Exactly as written, retype the lines that run from the line holding "CD-чейнджер BMW 5" through the end of the records below. Do not include pictures.
------ SUPPLIED DATA
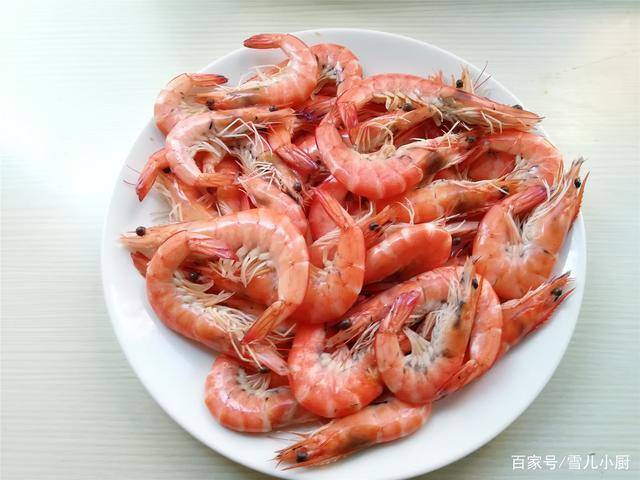 必威 必威betway东北的年夜饭有年味年夜饭菜单18道家常菜红红火火过大年(图8)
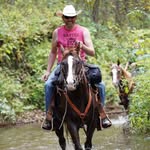 Greg Aldridge - @radongasguy - Instagram
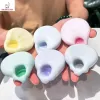 Đồ Chơi Bóp KOKINGTAIPAN Định Hình Sáng Tạo - Quà Tặng Trẻ Em Giảm Giá 14190đ 1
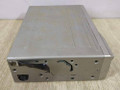 CD-чейнджер BMW 5 серия E34 1995, 2.5 л., TD, M51 D25 (256T1), дизель, МКПП, чёрный, седан, задний привод, CLARION, CDC634 - фото №4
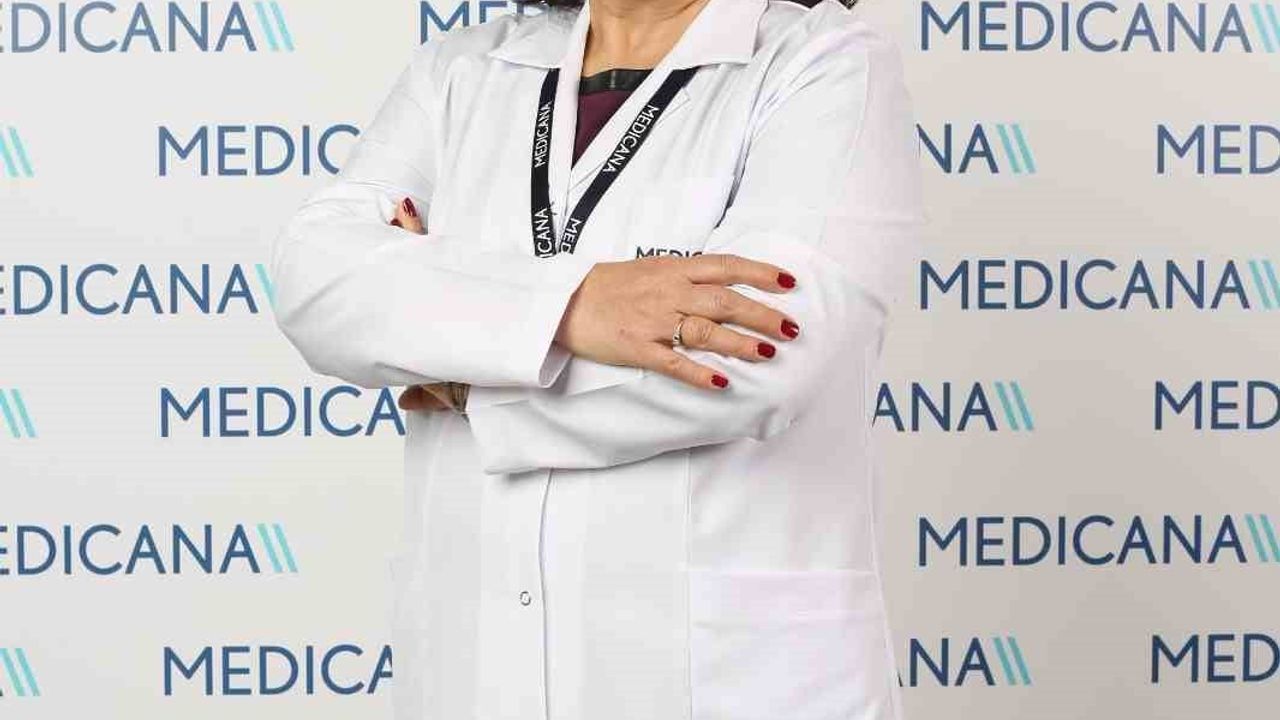 Ürtiker (Kurdeşen): Bahar Aylarının Tehlikeleri ve Tedavi Yöntemleri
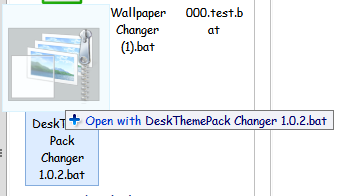 How to Change Themes using DTPChanger in Windows 10-image.png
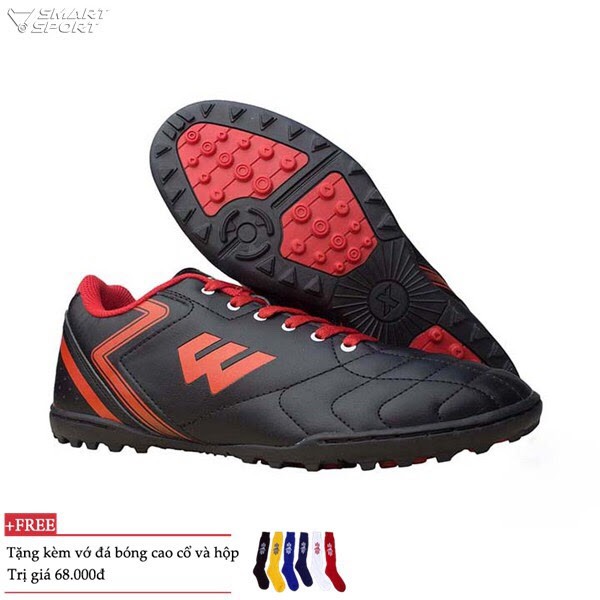 giày đá banh
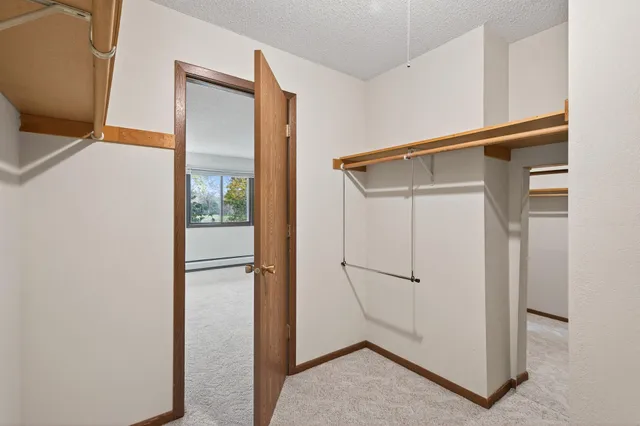 $149,900 | 3850 Plymouth Boulevard, Unit 117, Plymouth, MN 55446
------------
#### SOLUTION:
 CD-чейнджер BMW 5 серия E34 1995, 2.5 л., TD, M51 D25 (256T1), дизель, МКПП, чёрный, седан, задний привод, CLARION, CDC634 - фото №4
 Ürtiker (Kurdeşen): Bahar Aylarının Tehlikeleri ve Tedavi Yöntemleri
 How to Change Themes using DTPChanger in Windows 10-image.png
 giày đá banh
 $149,900 | 3850 Plymouth Boulevard, Unit 117, Plymouth, MN 55446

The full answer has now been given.